Given information:

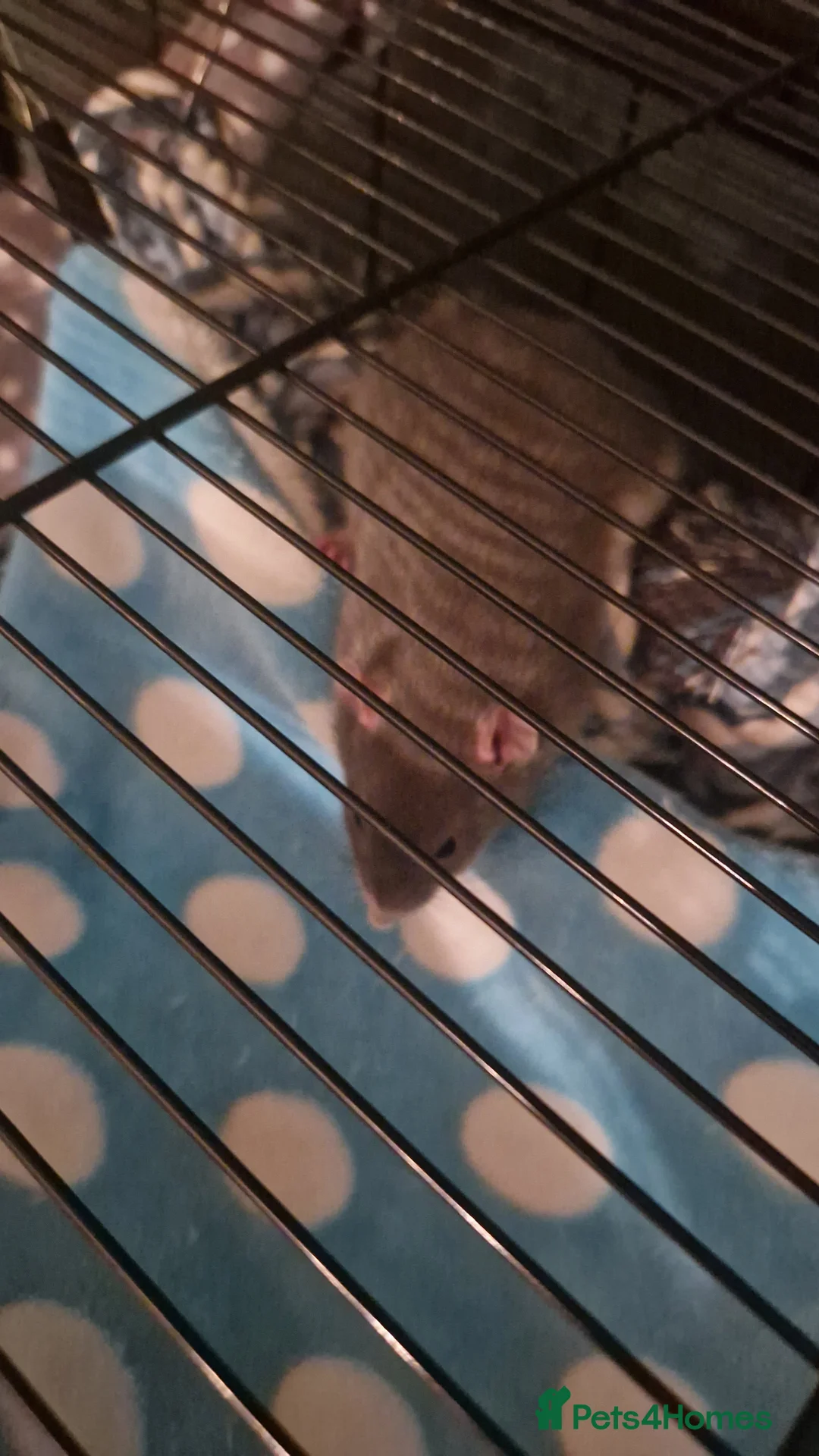 Rat rodents for sale: 2 Male rats + Cage and accesorios in Gerrards Cross - Advert 2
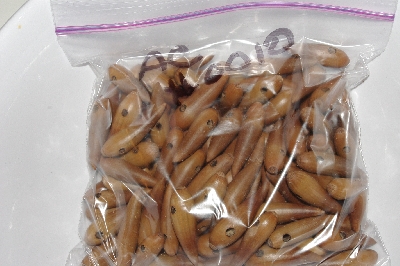 +MBAAC #01-10  "Set Of 125 Valley Oak Acorn Beads"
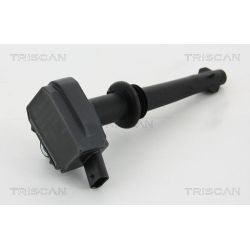 Ritė, uždegimas TRISCAN 8860 10033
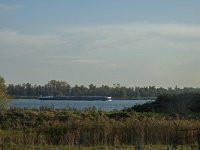 NL, Zuid-Holland, Dordrecht, Zuidplaatje 7, Saxifraga-Marijke Verhagen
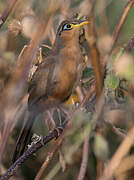 Lesser Ground Cuckoo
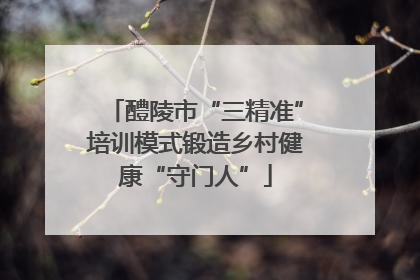 醴陵市“三精准”培训模式锻造乡村健康“守门人”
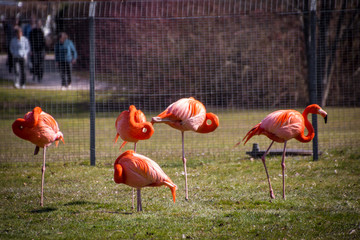 Flamingos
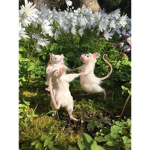 ratsAreThebEstNOTgonnALie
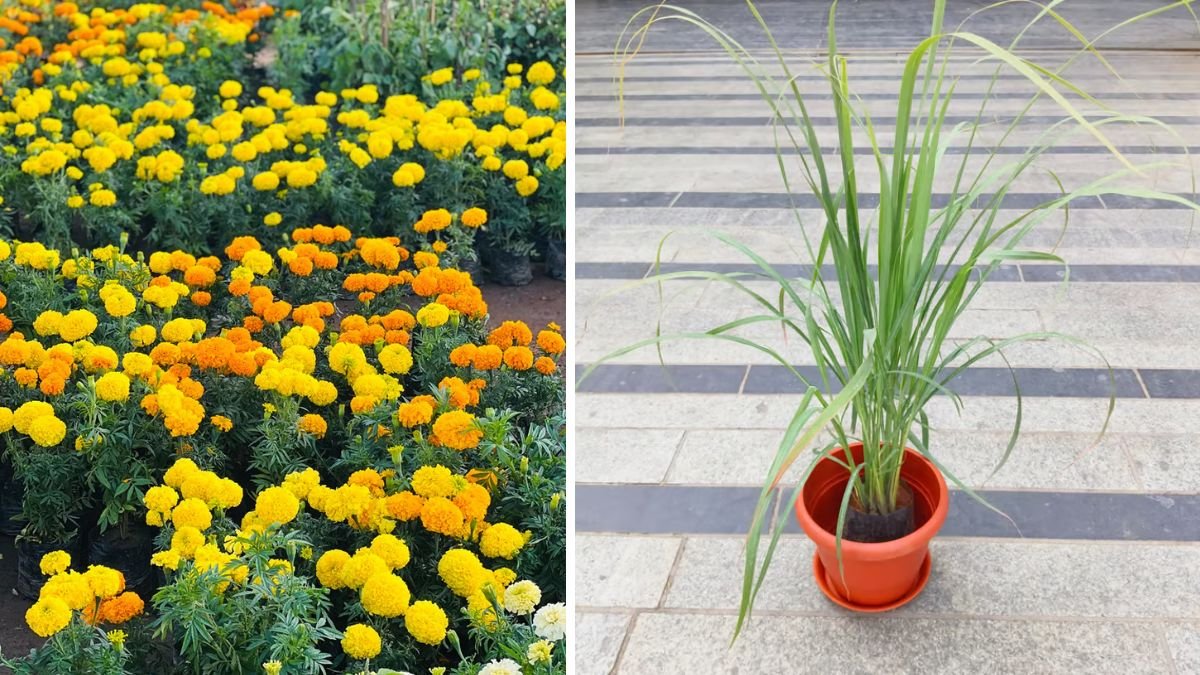 5 Best Plants to Prevent Snakes from Entering Your Garden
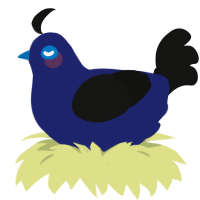 Vontanious, a navy and black chicken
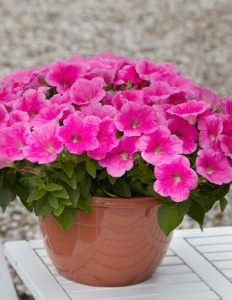 Петуния ампельная Е3 Изи Вейв Пинк Космо (светло-розовая)/24 П255 купить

Task description:
Nothing but an exact repeat of the records, pictures excluded, belongs in the answer.

Final answer:
 Rat rodents for sale: 2 Male rats + Cage and accesorios in Gerrards Cross - Advert 2
 +MBAAC #01-10  "Set Of 125 Valley Oak Acorn Beads"
 Ritė, uždegimas TRISCAN 8860 10033
 NL, Zuid-Holland, Dordrecht, Zuidplaatje 7, Saxifraga-Marijke Verhagen
 Lesser Ground Cuckoo
 醴陵市“三精准”培训模式锻造乡村健康“守门人”
 Flamingos
 ratsAreThebEstNOTgonnALie
 5 Best Plants to Prevent Snakes from Entering Your Garden
 Vontanious, a navy and black chicken
 Петуния ампельная Е3 Изи Вейв Пинк Космо (светло-розовая)/24 П255 купить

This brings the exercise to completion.